The flywheel solves real problems at each stage:
| Phase | Business Challenge | Technical Challenge | Flywheel Solution |
|---|---|---|---|
| Cold Start | No data to guide design decisions | No examples to train or evaluate against | Generate synthetic questions from content, establish baseline metrics |
| Initial Deployment | Understanding what users actually need | Learning what causes poor performance | Instrument application for data collection, implement feedback mechanisms |
| Growth | Prioritizing improvements with limited resources | Addressing diverse query types effectively | Use topic modeling to segment questions, identify highest-impact opportunities |
| Optimization | Maintaining quality as usage scales | Combining multiple specialized components | Create unified routing architecture, implement monitoring and alerts |
Common Failure Patterns
Understanding why RAG systems fail helps you avoid the same mistakes.
PM Pitfall
Treating RAG as a project, not a product: The most common strategic mistake is declaring victory after launch. RAG systems decay without continuous improvement. Plan for ongoing investment from the start.

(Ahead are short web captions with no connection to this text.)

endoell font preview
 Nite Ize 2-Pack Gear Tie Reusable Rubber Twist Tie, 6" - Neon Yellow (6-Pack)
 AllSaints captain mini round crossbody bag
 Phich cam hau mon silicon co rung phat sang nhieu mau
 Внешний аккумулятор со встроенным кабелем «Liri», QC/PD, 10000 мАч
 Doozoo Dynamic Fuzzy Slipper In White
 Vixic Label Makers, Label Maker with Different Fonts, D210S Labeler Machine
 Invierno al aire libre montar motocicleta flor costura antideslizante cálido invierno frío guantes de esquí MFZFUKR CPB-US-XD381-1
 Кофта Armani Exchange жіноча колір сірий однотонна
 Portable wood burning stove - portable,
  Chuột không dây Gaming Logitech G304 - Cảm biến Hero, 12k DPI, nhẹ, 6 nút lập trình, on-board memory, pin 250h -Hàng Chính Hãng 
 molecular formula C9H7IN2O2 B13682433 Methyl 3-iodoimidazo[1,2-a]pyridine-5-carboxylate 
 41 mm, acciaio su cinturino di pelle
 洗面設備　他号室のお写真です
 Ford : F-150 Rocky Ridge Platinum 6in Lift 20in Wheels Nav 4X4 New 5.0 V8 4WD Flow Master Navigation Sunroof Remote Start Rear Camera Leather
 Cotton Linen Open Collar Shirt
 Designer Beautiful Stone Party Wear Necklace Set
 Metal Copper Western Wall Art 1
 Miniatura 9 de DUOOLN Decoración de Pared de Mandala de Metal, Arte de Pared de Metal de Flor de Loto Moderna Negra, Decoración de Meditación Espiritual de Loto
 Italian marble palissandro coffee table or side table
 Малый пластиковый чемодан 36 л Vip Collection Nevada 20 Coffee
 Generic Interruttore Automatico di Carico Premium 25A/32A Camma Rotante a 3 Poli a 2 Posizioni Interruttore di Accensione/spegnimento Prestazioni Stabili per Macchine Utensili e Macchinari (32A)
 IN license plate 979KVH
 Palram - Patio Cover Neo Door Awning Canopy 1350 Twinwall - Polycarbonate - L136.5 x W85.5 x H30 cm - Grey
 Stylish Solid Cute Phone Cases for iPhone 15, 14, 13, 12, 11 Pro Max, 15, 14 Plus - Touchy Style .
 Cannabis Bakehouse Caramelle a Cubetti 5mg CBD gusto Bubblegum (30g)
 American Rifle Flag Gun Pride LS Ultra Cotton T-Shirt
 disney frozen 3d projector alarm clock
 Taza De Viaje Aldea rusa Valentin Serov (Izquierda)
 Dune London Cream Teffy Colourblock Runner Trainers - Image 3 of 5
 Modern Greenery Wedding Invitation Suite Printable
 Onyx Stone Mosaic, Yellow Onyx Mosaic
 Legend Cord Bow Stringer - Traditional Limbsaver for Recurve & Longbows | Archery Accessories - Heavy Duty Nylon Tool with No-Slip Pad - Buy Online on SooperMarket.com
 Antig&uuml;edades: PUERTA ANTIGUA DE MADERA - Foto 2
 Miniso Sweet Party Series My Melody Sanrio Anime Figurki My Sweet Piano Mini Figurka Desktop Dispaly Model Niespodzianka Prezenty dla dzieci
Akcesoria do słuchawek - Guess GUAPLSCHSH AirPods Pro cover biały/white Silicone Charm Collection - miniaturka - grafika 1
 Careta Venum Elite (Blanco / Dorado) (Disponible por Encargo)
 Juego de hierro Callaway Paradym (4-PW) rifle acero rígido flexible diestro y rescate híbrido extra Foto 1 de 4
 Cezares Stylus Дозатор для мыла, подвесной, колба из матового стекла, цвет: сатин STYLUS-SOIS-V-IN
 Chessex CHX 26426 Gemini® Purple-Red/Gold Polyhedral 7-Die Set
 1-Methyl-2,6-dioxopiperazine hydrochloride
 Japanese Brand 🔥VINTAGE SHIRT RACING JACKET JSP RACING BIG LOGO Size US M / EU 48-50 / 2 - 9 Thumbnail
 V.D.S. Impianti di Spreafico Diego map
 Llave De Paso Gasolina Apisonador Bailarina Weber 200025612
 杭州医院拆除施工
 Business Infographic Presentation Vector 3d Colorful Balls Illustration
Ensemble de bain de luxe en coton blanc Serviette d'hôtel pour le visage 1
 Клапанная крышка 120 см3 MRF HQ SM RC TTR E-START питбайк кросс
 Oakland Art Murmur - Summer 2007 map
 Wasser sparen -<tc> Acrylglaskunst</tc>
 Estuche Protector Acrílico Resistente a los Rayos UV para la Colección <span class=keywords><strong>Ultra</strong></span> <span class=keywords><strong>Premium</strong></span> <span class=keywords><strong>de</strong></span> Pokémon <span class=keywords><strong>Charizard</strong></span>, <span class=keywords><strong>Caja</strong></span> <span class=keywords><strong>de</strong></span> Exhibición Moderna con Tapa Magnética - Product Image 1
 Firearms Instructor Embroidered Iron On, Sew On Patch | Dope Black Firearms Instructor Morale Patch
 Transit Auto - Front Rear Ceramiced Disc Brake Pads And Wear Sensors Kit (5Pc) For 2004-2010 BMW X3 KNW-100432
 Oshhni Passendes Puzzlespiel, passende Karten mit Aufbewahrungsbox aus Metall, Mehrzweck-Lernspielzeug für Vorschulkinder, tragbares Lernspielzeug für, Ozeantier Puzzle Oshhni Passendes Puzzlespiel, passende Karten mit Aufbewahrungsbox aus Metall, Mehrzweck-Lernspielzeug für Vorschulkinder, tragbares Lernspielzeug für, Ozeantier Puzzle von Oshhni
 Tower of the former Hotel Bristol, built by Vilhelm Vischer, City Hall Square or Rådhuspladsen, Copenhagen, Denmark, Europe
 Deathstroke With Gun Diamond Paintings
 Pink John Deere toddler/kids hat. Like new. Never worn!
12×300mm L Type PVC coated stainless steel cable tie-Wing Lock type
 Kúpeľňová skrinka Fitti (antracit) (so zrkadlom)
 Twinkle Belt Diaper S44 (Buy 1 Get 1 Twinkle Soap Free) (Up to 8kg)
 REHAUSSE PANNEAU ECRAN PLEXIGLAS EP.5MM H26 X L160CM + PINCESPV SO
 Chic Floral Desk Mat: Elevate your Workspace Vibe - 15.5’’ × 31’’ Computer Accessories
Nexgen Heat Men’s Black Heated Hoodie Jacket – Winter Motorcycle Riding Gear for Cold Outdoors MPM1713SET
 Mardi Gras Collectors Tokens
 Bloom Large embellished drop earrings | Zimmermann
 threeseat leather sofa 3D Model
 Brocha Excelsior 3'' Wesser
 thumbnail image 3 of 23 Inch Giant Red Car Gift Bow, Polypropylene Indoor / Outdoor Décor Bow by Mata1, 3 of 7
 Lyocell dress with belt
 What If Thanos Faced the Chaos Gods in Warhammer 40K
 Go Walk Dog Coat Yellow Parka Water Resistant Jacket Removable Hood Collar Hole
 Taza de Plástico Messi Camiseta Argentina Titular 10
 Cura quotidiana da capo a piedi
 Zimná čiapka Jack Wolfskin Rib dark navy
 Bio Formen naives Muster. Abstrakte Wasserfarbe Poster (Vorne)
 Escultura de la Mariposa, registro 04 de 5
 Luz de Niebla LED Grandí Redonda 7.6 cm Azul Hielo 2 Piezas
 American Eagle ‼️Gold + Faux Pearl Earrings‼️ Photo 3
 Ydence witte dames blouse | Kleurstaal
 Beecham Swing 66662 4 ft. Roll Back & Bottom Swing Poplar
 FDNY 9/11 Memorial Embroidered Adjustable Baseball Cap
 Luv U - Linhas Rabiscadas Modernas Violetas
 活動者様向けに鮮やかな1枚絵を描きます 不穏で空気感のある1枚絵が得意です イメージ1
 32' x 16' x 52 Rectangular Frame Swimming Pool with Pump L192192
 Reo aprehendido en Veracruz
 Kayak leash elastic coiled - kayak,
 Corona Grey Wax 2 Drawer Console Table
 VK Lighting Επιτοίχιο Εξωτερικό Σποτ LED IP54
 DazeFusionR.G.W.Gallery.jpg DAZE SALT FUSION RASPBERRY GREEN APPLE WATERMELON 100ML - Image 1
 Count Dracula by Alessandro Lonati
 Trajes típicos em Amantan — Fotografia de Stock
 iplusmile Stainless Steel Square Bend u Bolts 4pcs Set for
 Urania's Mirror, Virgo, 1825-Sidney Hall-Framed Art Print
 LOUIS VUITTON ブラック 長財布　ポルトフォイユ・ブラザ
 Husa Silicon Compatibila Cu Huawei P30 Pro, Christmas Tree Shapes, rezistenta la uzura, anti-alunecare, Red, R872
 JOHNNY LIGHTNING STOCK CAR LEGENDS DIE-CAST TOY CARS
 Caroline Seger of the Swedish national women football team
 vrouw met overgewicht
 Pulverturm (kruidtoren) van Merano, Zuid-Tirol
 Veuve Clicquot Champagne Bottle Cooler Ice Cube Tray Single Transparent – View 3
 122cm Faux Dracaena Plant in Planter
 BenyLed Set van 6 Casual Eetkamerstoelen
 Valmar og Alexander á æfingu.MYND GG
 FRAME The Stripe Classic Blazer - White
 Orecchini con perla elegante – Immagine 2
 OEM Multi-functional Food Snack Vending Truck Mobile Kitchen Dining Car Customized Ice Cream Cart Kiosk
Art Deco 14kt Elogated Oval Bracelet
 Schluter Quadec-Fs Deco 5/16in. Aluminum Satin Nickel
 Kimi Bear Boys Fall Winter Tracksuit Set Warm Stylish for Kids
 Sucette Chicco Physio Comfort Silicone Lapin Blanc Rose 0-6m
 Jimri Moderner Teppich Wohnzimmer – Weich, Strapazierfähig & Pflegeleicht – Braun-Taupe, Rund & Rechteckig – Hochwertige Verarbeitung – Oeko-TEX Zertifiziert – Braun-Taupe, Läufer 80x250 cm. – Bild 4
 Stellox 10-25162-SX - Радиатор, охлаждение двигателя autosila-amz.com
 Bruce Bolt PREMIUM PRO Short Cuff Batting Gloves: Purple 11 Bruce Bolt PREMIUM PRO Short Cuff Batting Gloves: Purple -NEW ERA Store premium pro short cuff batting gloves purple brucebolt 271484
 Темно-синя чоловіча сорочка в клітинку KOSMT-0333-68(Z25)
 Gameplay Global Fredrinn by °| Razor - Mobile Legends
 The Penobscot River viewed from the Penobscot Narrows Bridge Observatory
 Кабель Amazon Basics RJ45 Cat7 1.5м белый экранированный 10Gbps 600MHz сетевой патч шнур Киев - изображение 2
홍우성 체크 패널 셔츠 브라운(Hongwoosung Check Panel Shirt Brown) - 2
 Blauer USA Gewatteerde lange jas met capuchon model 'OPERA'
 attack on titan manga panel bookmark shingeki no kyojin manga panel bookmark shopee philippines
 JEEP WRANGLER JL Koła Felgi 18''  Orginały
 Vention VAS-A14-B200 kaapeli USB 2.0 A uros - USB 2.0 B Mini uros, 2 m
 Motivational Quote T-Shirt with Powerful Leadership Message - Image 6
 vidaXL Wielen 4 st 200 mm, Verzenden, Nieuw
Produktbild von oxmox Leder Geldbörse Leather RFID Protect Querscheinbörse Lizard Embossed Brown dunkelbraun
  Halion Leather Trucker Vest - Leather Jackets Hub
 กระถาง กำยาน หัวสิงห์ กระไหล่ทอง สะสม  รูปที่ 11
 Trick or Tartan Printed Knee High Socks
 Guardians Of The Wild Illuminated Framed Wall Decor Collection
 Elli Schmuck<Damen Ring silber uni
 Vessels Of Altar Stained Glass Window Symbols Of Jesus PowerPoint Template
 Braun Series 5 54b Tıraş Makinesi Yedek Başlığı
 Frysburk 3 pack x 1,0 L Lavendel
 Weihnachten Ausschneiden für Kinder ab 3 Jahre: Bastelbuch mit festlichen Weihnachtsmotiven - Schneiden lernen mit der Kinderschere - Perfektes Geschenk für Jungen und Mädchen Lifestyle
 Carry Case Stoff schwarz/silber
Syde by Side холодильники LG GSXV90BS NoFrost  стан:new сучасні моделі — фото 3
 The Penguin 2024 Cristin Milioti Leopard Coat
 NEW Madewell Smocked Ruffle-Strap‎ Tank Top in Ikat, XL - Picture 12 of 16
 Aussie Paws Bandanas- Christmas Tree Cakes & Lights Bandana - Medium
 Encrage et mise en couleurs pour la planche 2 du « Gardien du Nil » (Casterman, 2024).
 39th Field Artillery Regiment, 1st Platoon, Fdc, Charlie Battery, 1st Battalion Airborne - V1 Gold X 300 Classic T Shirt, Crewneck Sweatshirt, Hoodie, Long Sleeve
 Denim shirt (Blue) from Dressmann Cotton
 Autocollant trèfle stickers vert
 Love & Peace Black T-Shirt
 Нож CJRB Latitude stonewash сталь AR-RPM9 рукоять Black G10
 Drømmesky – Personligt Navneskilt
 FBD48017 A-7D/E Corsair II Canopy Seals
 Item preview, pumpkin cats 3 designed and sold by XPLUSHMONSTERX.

**Optimizing the wrong metric**: Teams often optimize for retrieval metrics (precision, recall) while ignoring user outcomes (task completion, satisfaction). A system with 95% precision but 10% task completion is failing.
**Ignoring the cold start**: Without evaluation data, you cannot measure improvement. Teams that skip synthetic data generation spend months guessing what might work.
Engineering Pitfall
Silent data loss: In one medical chatbot project, 21% of documents were silently dropped due to encoding issues. The team spent months debugging retrieval when the problem was missing data. Always monitor document counts at each pipeline stage.
**Chunking too small**: Many implementations use tiny chunks (200 characters) because they follow outdated tutorials. This dilutes context and causes hallucinations. Test chunk sizes on your actual queries.
**Naive embedding usage**: Most embeddings are trained for semantic similarity between similar texts, not for matching questions to answers. Consider query expansion, HyDE, or fine-tuning.
**Index staleness**: In a financial news system, the index had not been refreshed for two weeks, causing outdated earnings reports to be returned. Monitor index freshness for time-sensitive applications.
**Accepting vague queries**: Queries like "health tips" force your system to retrieve broadly. Implement query classification to detect and handle low-information queries.
How to Use This Book
This book is designed for two audiences: Product Managers and Engineers. Each chapter includes content for both, clearly marked with admonitions.
Reading Paths
For Product Managers:
- Read the "Key Insight" and "Learning Objectives" for each chapter
- Focus on sections marked "For Product Managers"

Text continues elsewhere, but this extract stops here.